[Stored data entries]
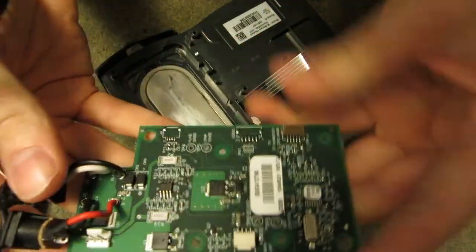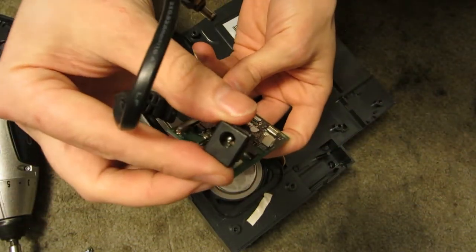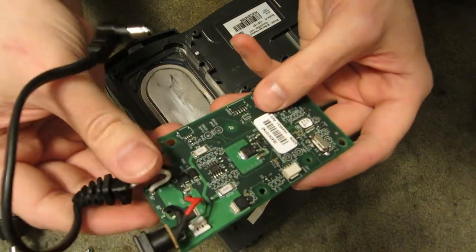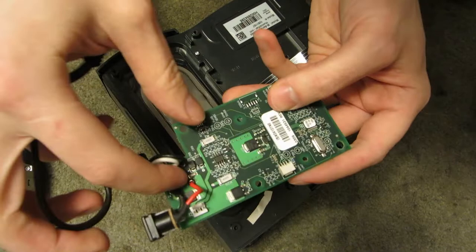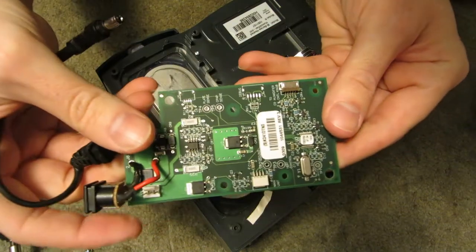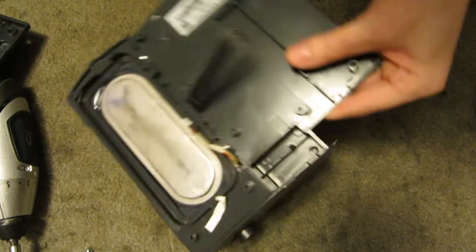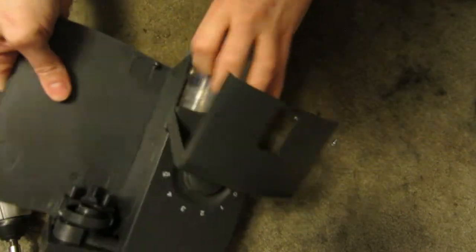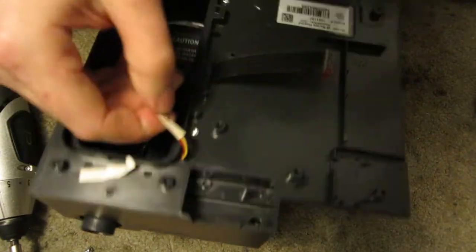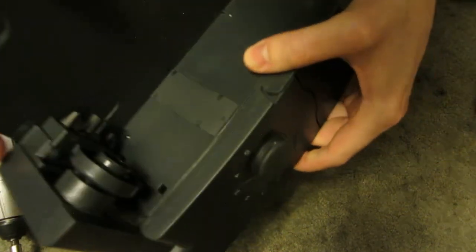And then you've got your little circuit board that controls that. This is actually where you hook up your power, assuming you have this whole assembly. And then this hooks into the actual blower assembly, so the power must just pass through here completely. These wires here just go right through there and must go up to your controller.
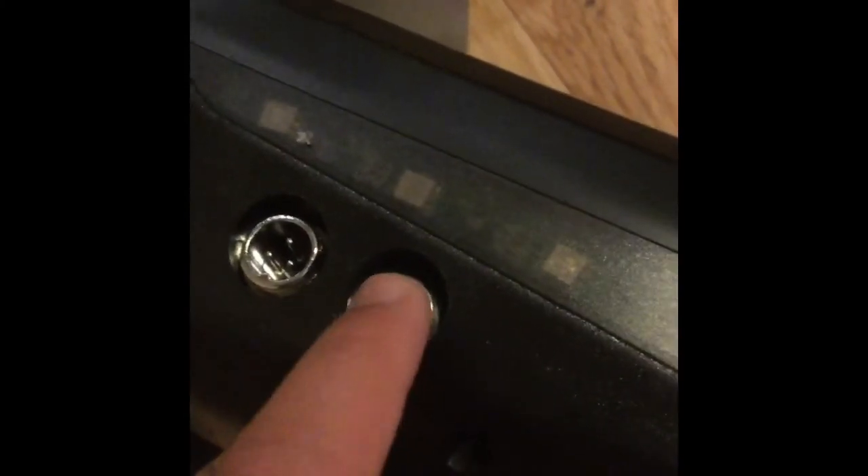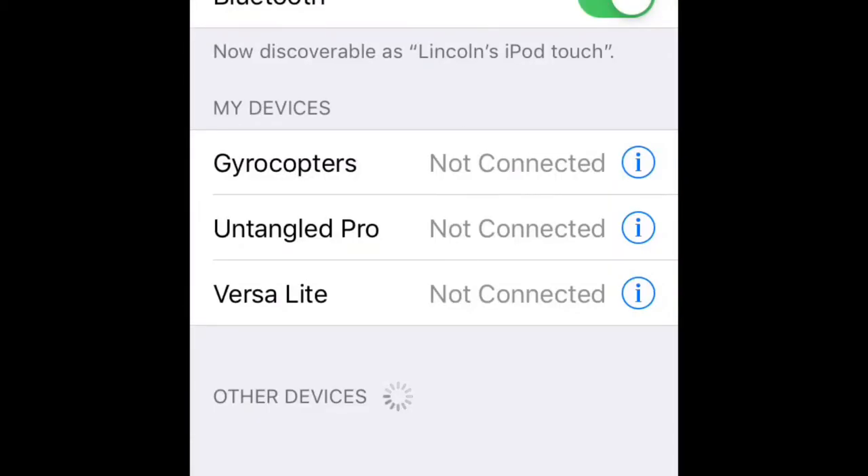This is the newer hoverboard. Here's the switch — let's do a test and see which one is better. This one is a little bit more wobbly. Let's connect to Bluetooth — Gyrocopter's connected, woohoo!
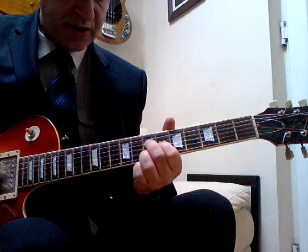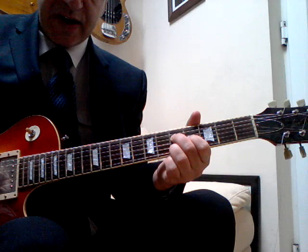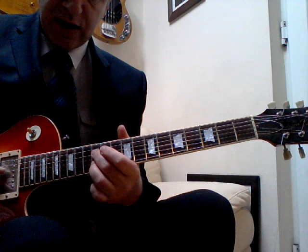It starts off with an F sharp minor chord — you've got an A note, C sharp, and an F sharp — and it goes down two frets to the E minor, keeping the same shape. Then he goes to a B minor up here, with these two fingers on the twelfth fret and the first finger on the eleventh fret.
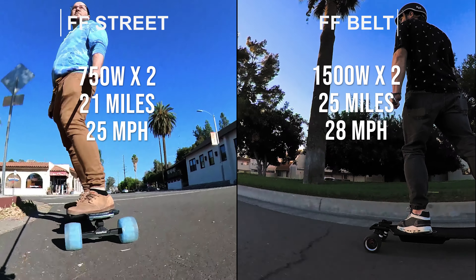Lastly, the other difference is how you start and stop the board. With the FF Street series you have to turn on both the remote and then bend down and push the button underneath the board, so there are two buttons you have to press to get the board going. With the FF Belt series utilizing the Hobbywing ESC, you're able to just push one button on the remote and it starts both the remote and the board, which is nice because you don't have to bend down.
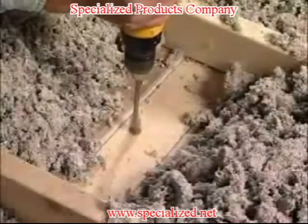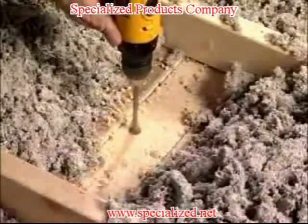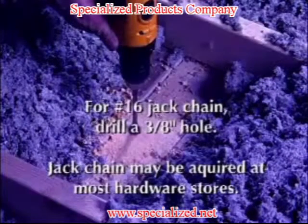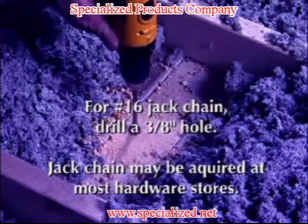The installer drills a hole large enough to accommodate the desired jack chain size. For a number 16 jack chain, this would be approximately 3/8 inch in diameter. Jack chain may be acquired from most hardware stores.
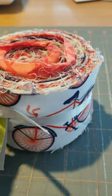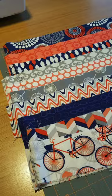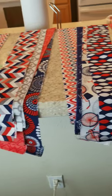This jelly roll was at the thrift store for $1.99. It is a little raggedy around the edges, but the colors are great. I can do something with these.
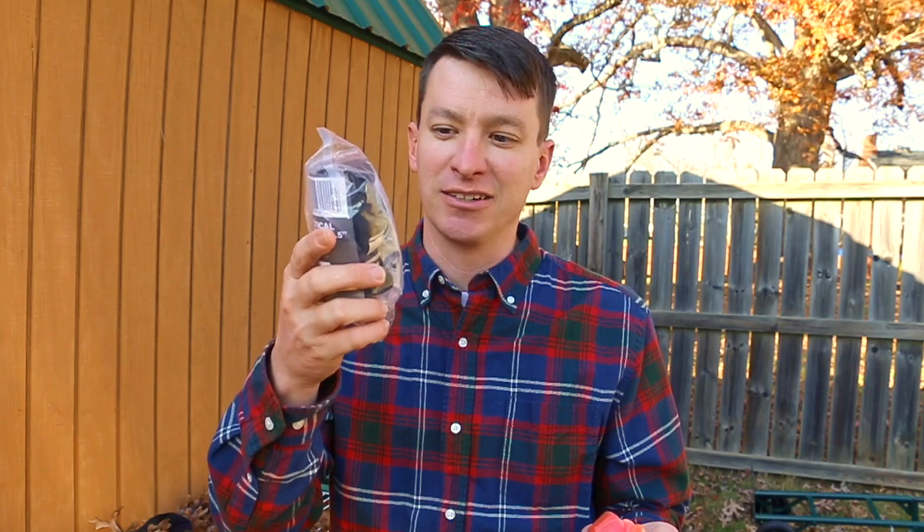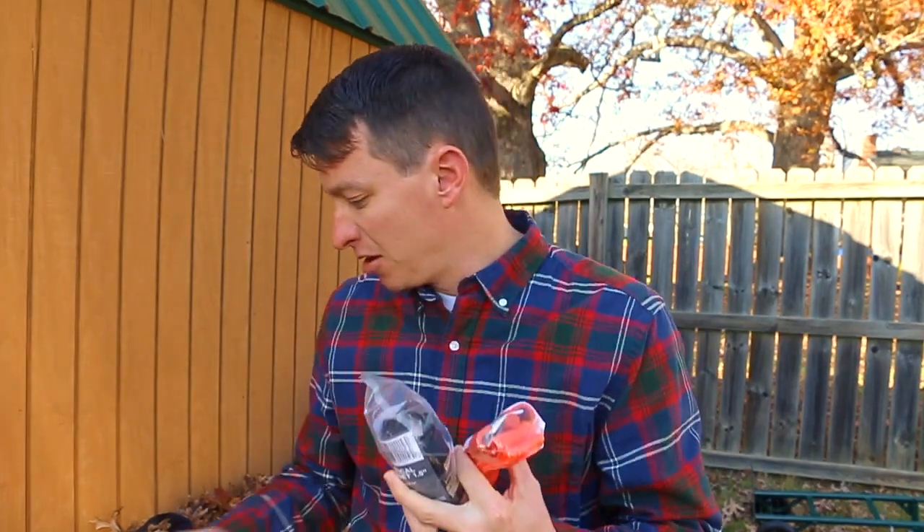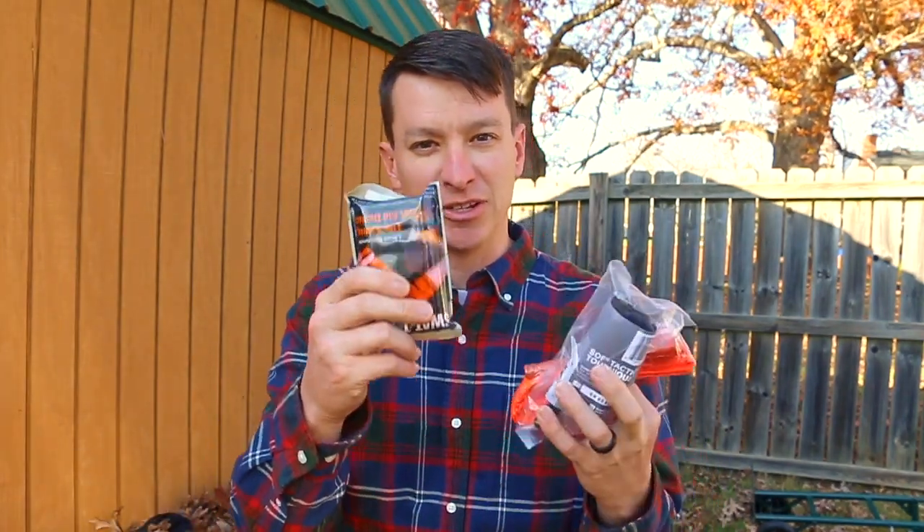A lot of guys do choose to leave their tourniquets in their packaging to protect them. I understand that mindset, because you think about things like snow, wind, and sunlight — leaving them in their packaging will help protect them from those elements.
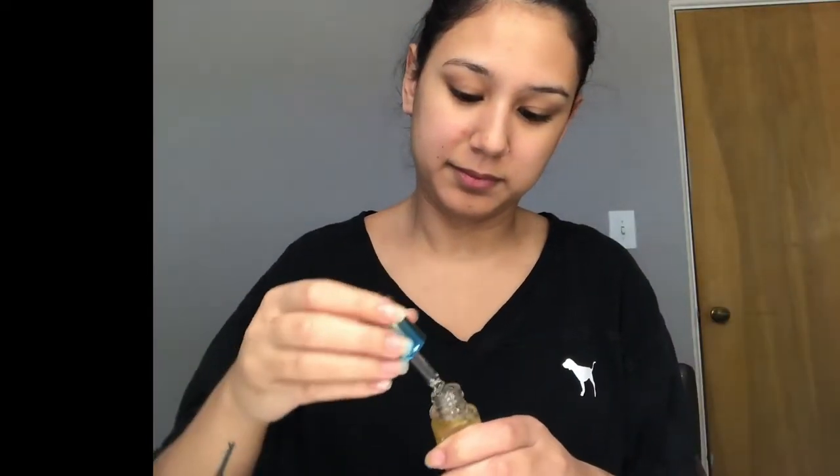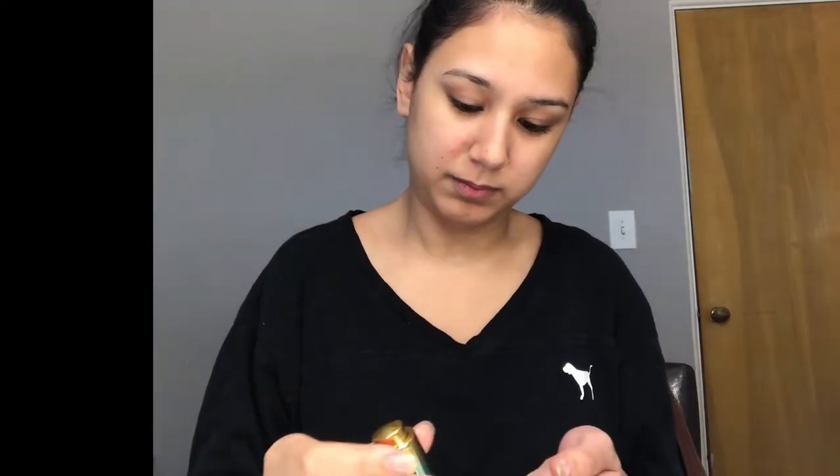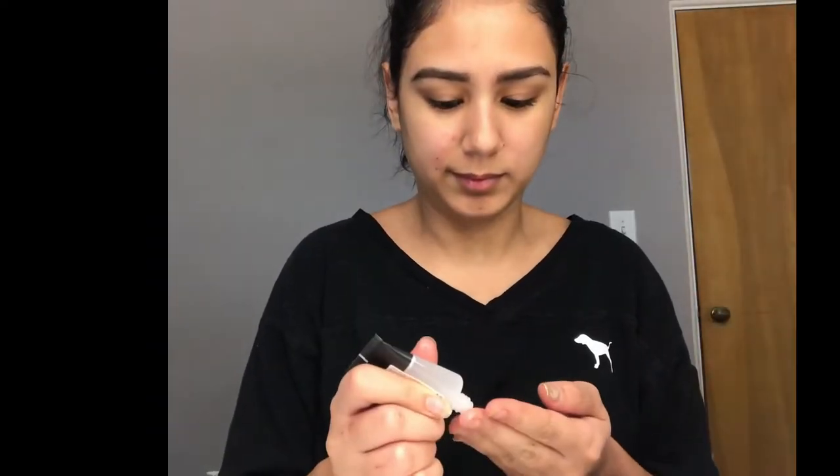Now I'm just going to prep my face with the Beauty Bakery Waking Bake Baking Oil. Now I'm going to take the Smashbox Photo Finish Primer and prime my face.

Your assignment: Quote every record above exactly, leaving out the pictures.

Completed task:
And then you've got your little circuit board that controls that. This is actually where you hook up your power, assuming you have this whole assembly. And then this hooks into the actual blower assembly, so the power must just pass through here completely. These wires here just go right through there and must go up to your controller.
This is the newer hoverboard. Here's the switch — let's do a test and see which one is better. This one is a little bit more wobbly. Let's connect to Bluetooth — Gyrocopter's connected, woohoo!
It starts off with an F sharp minor chord — you've got an A note, C sharp, and an F sharp — and it goes down two frets to the E minor, keeping the same shape. Then he goes to a B minor up here, with these two fingers on the twelfth fret and the first finger on the eleventh fret.
Lastly, the other difference is how you start and stop the board. With the FF Street series you have to turn on both the remote and then bend down and push the button underneath the board, so there are two buttons you have to press to get the board going. With the FF Belt series utilizing the Hobbywing ESC, you're able to just push one button on the remote and it starts both the remote and the board, which is nice because you don't have to bend down.
The installer drills a hole large enough to accommodate the desired jack chain size. For a number 16 jack chain, this would be approximately 3/8 inch in diameter. Jack chain may be acquired from most hardware stores.
This jelly roll was at the thrift store for $1.99. It is a little raggedy around the edges, but the colors are great. I can do something with these.
A lot of guys do choose to leave their tourniquets in their packaging to protect them. I understand that mindset, because you think about things like snow, wind, and sunlight — leaving them in their packaging will help protect them from those elements.
Now I'm just going to prep my face with the Beauty Bakery Waking Bake Baking Oil. Now I'm going to take the Smashbox Photo Finish Primer and prime my face.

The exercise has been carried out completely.